Work to be completed: A verbatim copy of the listing is needed; pictures are to be left out.

Start of Extracted records

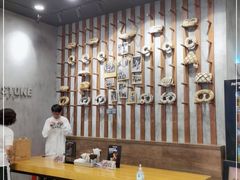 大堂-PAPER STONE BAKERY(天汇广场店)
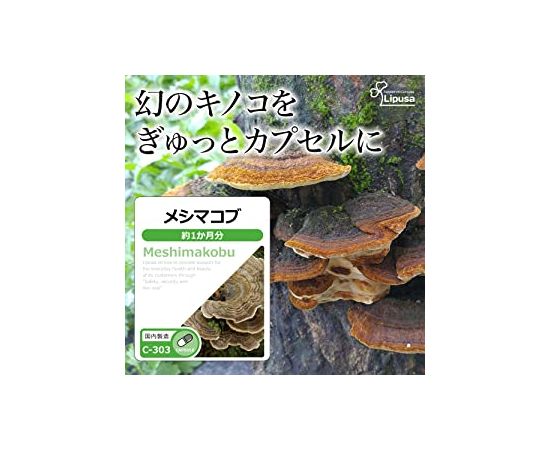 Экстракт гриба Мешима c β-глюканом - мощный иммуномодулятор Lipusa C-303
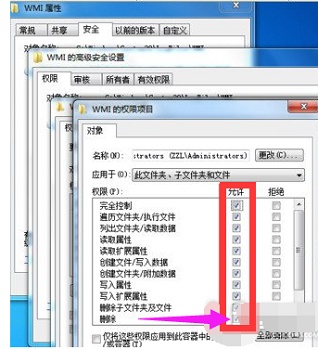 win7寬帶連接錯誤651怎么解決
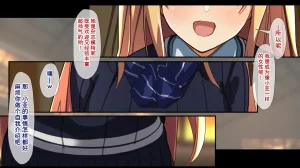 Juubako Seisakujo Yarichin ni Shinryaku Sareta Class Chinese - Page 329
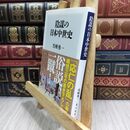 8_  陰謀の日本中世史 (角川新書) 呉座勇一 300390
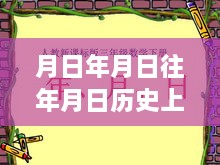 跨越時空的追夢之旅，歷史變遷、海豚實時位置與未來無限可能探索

End of Extracted records

Exercise answer:
 大堂-PAPER STONE BAKERY(天汇广场店)
 Экстракт гриба Мешима c β-глюканом - мощный иммуномодулятор Lipusa C-303
 win7寬帶連接錯誤651怎么解決
 Juubako Seisakujo Yarichin ni Shinryaku Sareta Class Chinese - Page 329
 8_  陰謀の日本中世史 (角川新書) 呉座勇一 300390
 跨越時空的追夢之旅，歷史變遷、海豚實時位置與未來無限可能探索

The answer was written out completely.